White produced the comic strips, Freckles in 1928 and The Adventures of Blue Hardy for Pix magazine in 1938.

He was a foundation member of the Black and White Artists' Club and its first secretary.

In 1944 Unk was accredited as an official war artist and saw active service with the RAAF and Royal Navy in New Guinea, the Pacific and Japan.

He was also a highly regarded painter in watercolours.

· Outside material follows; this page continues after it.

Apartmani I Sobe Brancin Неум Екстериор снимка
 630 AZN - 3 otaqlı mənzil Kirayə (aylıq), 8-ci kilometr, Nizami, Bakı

From the late 1960s White drew many of the architectural drawings in the Rigby Sketchbook series.

==Publications==
- Unk White's Laugh Parade Frank Johnson, Sydney 1940
- Unk White's Second Laugh Parade Frank Johnson, Sydney 1940
- Unk White's Giggles Pinnacle Press, Sydney 1943

Illustrations for The Sketchbook Series (published by Rigby Limited, Adelaide) included:
- The Rocks, Sydney by Olaf Ruhen, 1966
- Sydney Harbour Sketchbook by R. Sriber, 1968
- Auckland Sketchbook by M. H. Holcroft, 1969
- Norfolk Island Sketchbook by R. Sriber, 1969
- New England Sketchbook by Peter Newell, 1970
- Ballarat and Western Goldfields Sketchbook by John Béchervaise, 1970
- Bendigo and Eastern Goldfields Sketchbook by John Béchervaise, 1970
- Hawkesbury River Sketchbook by Frank Cayley 1970
- Blue Mountains Sketchbook by John Bechervaise, 1971
- Nineteenth Century Sydney Sketchbook by Tess van Sommers, 1974
- Paddington Sketchbook by Patricia Thompson 1975
- Queensland Sketchbook by Peter Newell, 1976
- Historic Sydney Sketchbook by Olaf Ruhen, Cedric Emanuel, Patricia Thompson, 1977 ISBN 0-7270-0276-7

==Oral history==

An oral history interview with White, recorded in 1967, is available at the National Library of Australia.